Au canada à toute époque, 70 % des femmes et 35 % des hommes sont au
régime. Plus inquiétants sont les résultats d’une enquête menée par Statistique
Canada en 1993. Celle-ci révéla qu’entre 1 et 2 % des femmes âgées de 15 à 25
ans sont anorexiques et entre 3 et 5 % sont boulimiques. Le taux de mortalité
associé aux troubles de l’alimentation est plus élevé que celui de toute autre
maladie mentale, alors qu’entre 10 et 20 % y succombe tôt ou tard en raison de
complications.
La prise en charge
La prise en charge de l'anorexie étant d'autant plus efficace que le
trouble est détecté précocement, ces recommandations devraient permettre aux professionnels
en contact avec des adolescents de mieux repérer les premiers signes
révélateurs de cette pathologie. En France, comme dans tous les pays
occidentaux, de 0,5 à 2 % des adolescents sont touchés par ces troubles du
comportement alimentaire, et principalement les jeunes filles, qui représentent
90 % des cas.
Hospitalisation
Elle permet de parer au plus pressé, c’est-à-dire de stopper la
dénutrition, d’aider à contenir un trop-plein d’angoisse et/ou de dépression,
puis de mettre en place un projet de soins ambulatoires adapté.
La mise à distance du milieu de vie habituel induite par l’hospitalisation,
avec ou sans séparation en fonction des équipes et des situations, permet à
certains patients, qui n’y arrivent pas dans leur cadre familial, de sortir de
la spirale infernale de la maladie et de trouver une motivation à la guérison.
Si l’hospitalisation était il y a quelques années, pour certaines familles,
synonyme e traumatisme, elle a beaucoup
évolué, notamment grâce à l’exemple de services spécialisés qui ont développé une
prise en charge de ces troubles à la fois compétente et respectueuse de
l’alliance thérapeutique avec le patient et les familles.
Dans le domaine des soins pour anorexie mentale, les proches sont de
précieux alliés sur le chemin de la guérison. Mieux, souvent les familles ont
de multiples compétences pour aider la personne en souffrance, et contribuent
très largement à la guérison lorsqu’elles sont systématiquement associées à
l’action des personnels de soin.
Parce qu’une hospitalisation sans consensus serait non productive,
l’hospitalisation doit être discutée avec le patient lui-même et avec sa
famille. Elle se prépare, sauf urgence vitale, avec le patient et sa famille au
travers d’entretiens d’information, de discussion du projet de soins et de visite
du service.
Pendant l’hospitalisation dans un service spécialisé, le patient va être
entouré, accompagné du personnel soignant. On lui propose un programme
nutritionnel adapté, des entretiens thérapeutiques, ainsi que des activités de
groupe, comme des groupes de parole, de l’art-thérapie, du sport, des activités
culturelles, etc.

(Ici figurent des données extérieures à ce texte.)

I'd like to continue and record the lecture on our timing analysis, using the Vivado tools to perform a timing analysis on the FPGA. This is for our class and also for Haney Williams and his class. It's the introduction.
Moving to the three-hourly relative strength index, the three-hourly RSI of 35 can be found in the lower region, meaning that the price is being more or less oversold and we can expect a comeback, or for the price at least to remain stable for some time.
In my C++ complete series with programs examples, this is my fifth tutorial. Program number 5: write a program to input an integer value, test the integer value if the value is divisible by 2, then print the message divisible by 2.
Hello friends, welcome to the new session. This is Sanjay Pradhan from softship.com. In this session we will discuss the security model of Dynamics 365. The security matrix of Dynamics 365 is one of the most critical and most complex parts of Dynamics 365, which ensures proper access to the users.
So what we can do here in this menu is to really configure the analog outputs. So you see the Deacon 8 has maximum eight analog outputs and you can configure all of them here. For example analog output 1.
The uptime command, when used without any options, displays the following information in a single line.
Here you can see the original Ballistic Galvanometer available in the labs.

Une thérapie peut être débutée ou poursuivie en cours
d’hospitalisation ou après.
La séparation avec le système familial est induite de fait par une
hospitalisation. Elle est pratiquée de manière différente, et vous sera
expliquée ; elle est modulée selon l’âge et accompagnée ; si cela n’est à votre
sens pas suffisant, n’hésitez pas à en parler avec les équipes.
En cas de séparation (qui n’est plus un isolement), les parents peuvent
quotidiennement avoir des nouvelles de leur enfant, des visites sont
programmées.
Dans tous les cas, l’entourage aussi sera accompagné dans cette
hospitalisation qui constitue également
une épreuve pour lui (groupes de parents, thérapies familiales, entretiens,
etc.).
Psychothérapie
De manière générale, sont proposées des thérapies de type psycho dynamique,
pour un travail de fond, pour que les patients comprennent ce qui les a amenés
là où ils en sont aujourd’hui et qu’ils puissent remplacer leurs comportements
destructeurs par une solution plus adaptée pour leur avenir. C’est un travail
de longue haleine, qui prend quelquefois des années.

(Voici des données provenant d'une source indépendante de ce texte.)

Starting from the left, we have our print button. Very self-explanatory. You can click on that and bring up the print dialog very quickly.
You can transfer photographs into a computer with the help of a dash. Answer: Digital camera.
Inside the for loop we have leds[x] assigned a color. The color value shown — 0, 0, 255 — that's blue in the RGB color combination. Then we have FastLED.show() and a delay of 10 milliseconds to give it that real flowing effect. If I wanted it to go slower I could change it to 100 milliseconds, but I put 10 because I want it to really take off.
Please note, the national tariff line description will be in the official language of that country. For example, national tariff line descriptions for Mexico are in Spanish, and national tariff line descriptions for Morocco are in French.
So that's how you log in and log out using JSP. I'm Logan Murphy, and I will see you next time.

On a également recours à des approches de type cognitivo-comportemental,
qui agissent à plusieurs niveaux. Le premier étant souvent un niveau
d’éducation à la nutrition, pour bien en comprendre les enjeux. Le second, plus
comportemental, permettra aux patients de mieux gérer l’affirmation de soi, de
mieux être en relation avec les autres. Cela permettra également de travailler
sur l’anxiété. Ces thérapies sont très utiles parfois, pour dénouer un moment
de crispation et de stagnation dans le processus thérapeutique.

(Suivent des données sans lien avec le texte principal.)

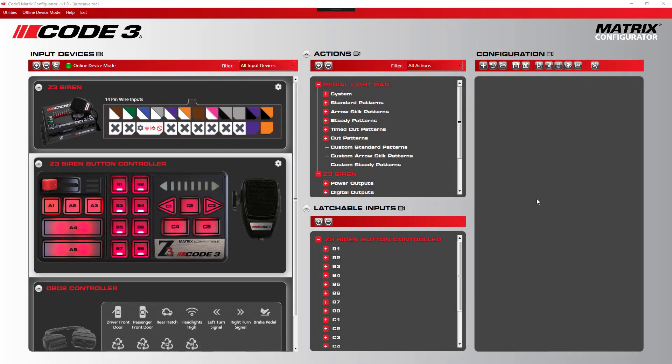Hello there, and welcome to another Matrix Configurator how-to video. In this particular video, we're going to be talking about push button controller and OBD2 controller combination inputs.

Sont fréquemment proposées des thérapies dites familiales, qui impliquent
l’enfant, un ou les deux parents, et quelquefois la fratrie. Ces thérapies sont
particulièrement indiquées chez les enfants et les adolescents amenés à vivre
encore plusieurs années dans un système familial qui doit absolument apprendre
à accompagner leur processus de guérison. S’il est essentiel que les patients
puissent bénéficier de soins, il est tout aussi essentiel que l’environnement
dans lequel ils vivent soit accompagné et aidé. C’est tout l’intérêt de ces
approches.
On pourra également utiliser l’espace des groupes de parole, avec d’autres personnes concernées par la maladie. Ces
groupes permettent à chacun d’exprimer son ressenti par rapport à la maladie,
de comprendre que d’autres peuvent vivre la même chose, de partager,
d’échanger, d’adopter un autre angle de vue. Ces groupes sont très riches et dynamisant.
Conseil pratique
Les parents doivent donc être attentifs dès que leur enfant a un
comportement inhabituel au moment des repas et qui, bien que mince ou maigre,
insiste sur le fait qu'il est gros. «Les parents sont souvent les premiers à
voir les changements, car les médecins examinent en effet de moins en moins
leurs patients, surtout ces jeunes filles réticentes», insiste le Pr Falissard.
Lorsque l'anorexie est dépistée très tôt, quelques interventions simples
sur le fonctionnement de la famille suffisent en général à débloquer la
situation.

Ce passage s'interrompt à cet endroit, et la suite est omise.